6 Ekim 2014 Pazartesi

onüç

Bugün Six Feet Under'lı çiziktireceğim. Evet. Son zamanlarda en sevdiğim aktivite Six Feet Under izlemek. David Keith ile ya da başkasıyla atıştığında "Ay dur üzülme, kıymetini anlayacak o senin yoksa kendi kaybeder yanii .s .s" diye avutasım, Nate'in sırtına "Seni çakaal. ;)))" diye pat pat vurasım, Claire'le beraber ergenlik yapasım, Ruth'u da sürekli bir gıdıklayasım var. Hepsi öyle bir şeker, öyle bir şapşirik geliyor ki anlatamam. Dizi çoğu zaman çok durağan ilerlemesine rağmen bıktırmadan mutlu mesut özletiyor kendini. Bir Lisa'yı ve sürekli boğazlanırmış gibi konuşmasını sevemedim gitti. Bir deee 3. sezon 1. bölümden itibaren bir haller oldu ki sormayın gitsin. Hala algılamaya çalışıyorum. Ama birşey çıkacak bundan. Allaaağm! Spoiler konusunda çok hassas bir insan olduğum için fazla detaya girmeden ve isim vermeden yazmak istiyorum. Ama öyle de dedikodu yapılmıyor çocuklar. Hayat çok zor. Bu aralar mottom bu. Neyse, as a result, daha önce izlemediğim için çok pişmanım çocuklar. Özellikle psikolojik çözümlemeler filan çoğoş bence. Ayrıca bu kez kaşınıp spoiler yemeyeceğim. Akıllandım yani. Meh meh.

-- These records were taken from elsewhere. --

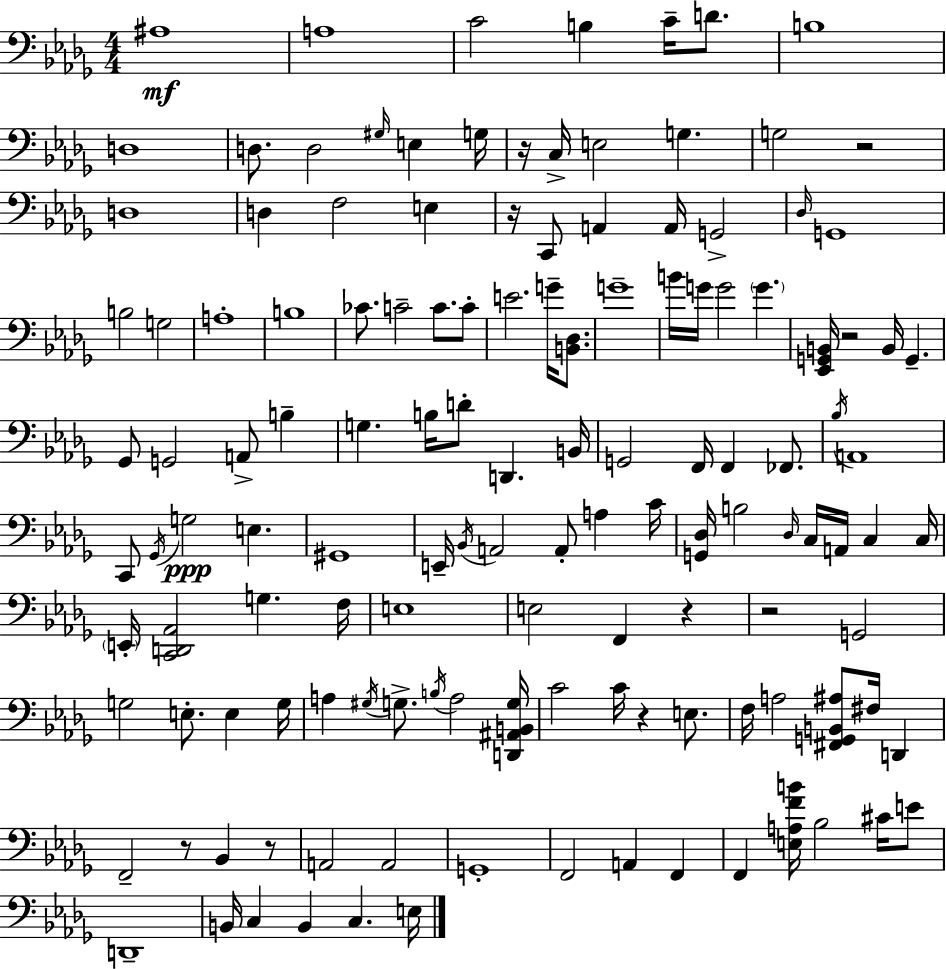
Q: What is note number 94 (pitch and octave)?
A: C4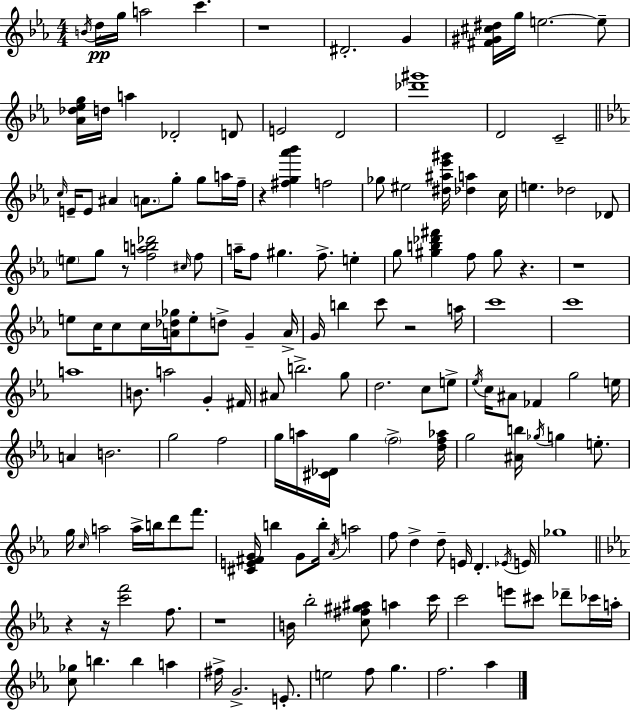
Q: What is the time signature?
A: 4/4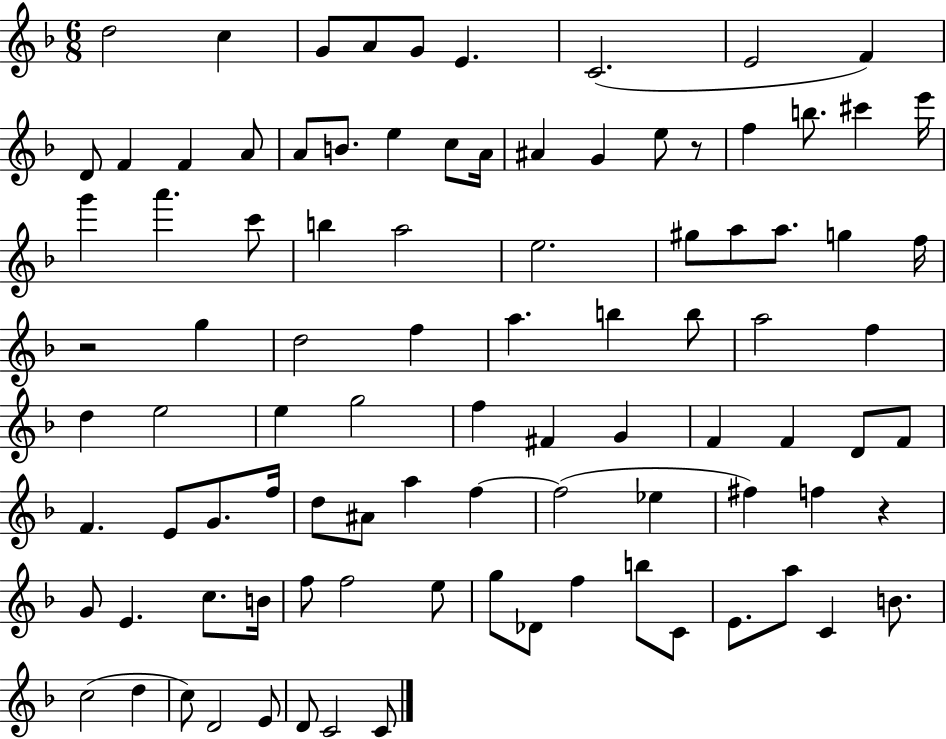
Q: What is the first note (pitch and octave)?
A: D5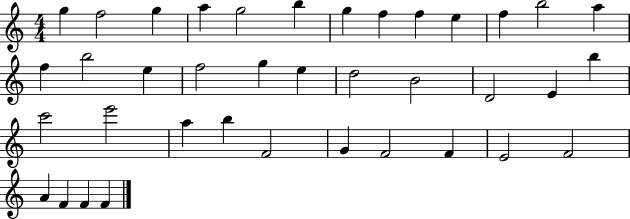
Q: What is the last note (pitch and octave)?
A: F4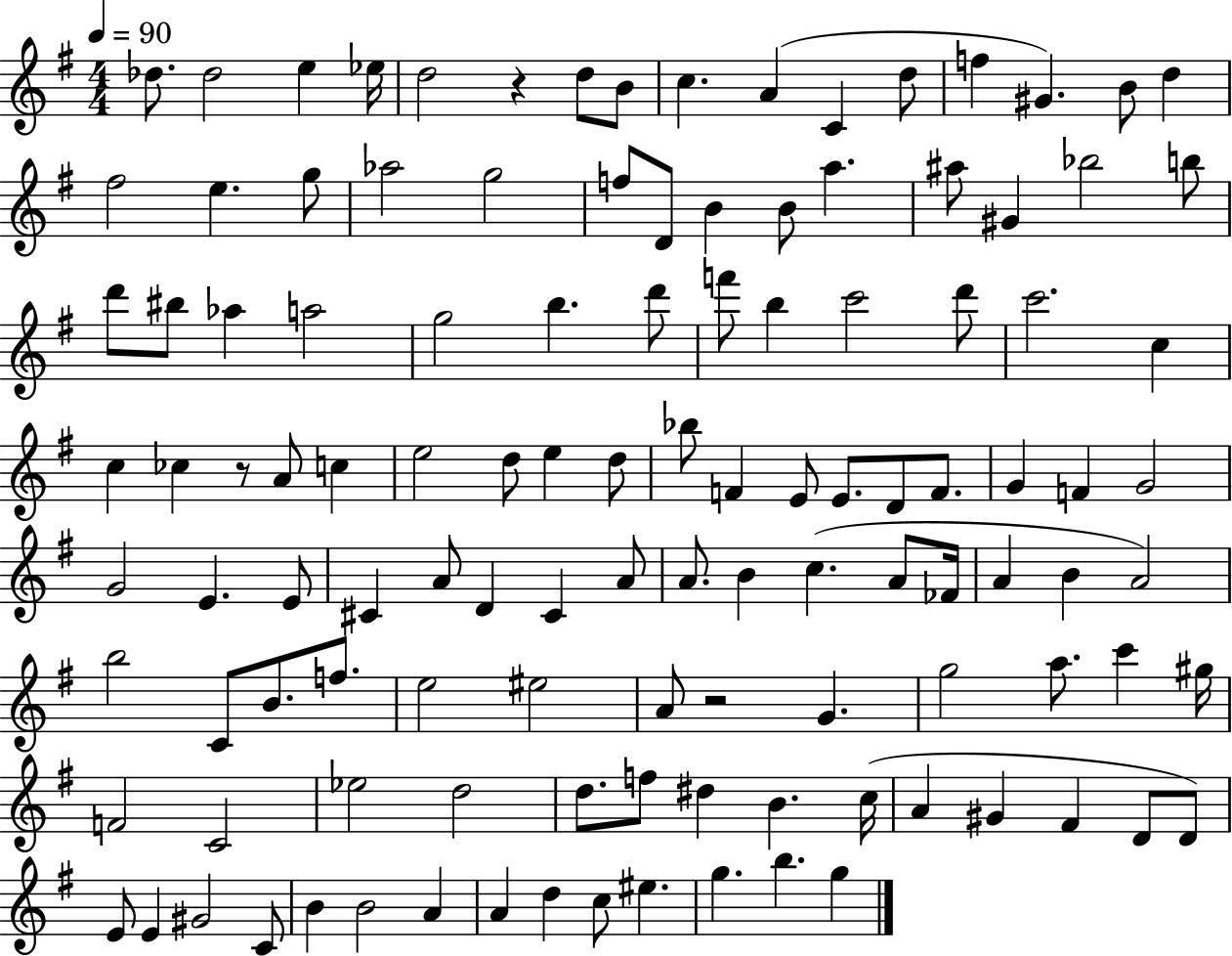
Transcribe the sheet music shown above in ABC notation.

X:1
T:Untitled
M:4/4
L:1/4
K:G
_d/2 _d2 e _e/4 d2 z d/2 B/2 c A C d/2 f ^G B/2 d ^f2 e g/2 _a2 g2 f/2 D/2 B B/2 a ^a/2 ^G _b2 b/2 d'/2 ^b/2 _a a2 g2 b d'/2 f'/2 b c'2 d'/2 c'2 c c _c z/2 A/2 c e2 d/2 e d/2 _b/2 F E/2 E/2 D/2 F/2 G F G2 G2 E E/2 ^C A/2 D ^C A/2 A/2 B c A/2 _F/4 A B A2 b2 C/2 B/2 f/2 e2 ^e2 A/2 z2 G g2 a/2 c' ^g/4 F2 C2 _e2 d2 d/2 f/2 ^d B c/4 A ^G ^F D/2 D/2 E/2 E ^G2 C/2 B B2 A A d c/2 ^e g b g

*Ne zaman mezarlığa gitsem, gördüğüm her mezar taşı üstüne bakıp kaç yaşında öldüklerini hesaplarım. Sfu izlerken de her bölüm başında ölenlerin doğum ve ölüm yıllarından hemen öldükleri yaşı hesaplıyorum. Her seferinde ortada hiç birşey yokken değişik değişik şekillerde ölen insanları gördükçe ben de her an ölebilirmişim gibi geliyor. Bir çeşit içsellestirme ya da empati duygusu yaşıyor olabilirim yani. Ama sonra geçiyor.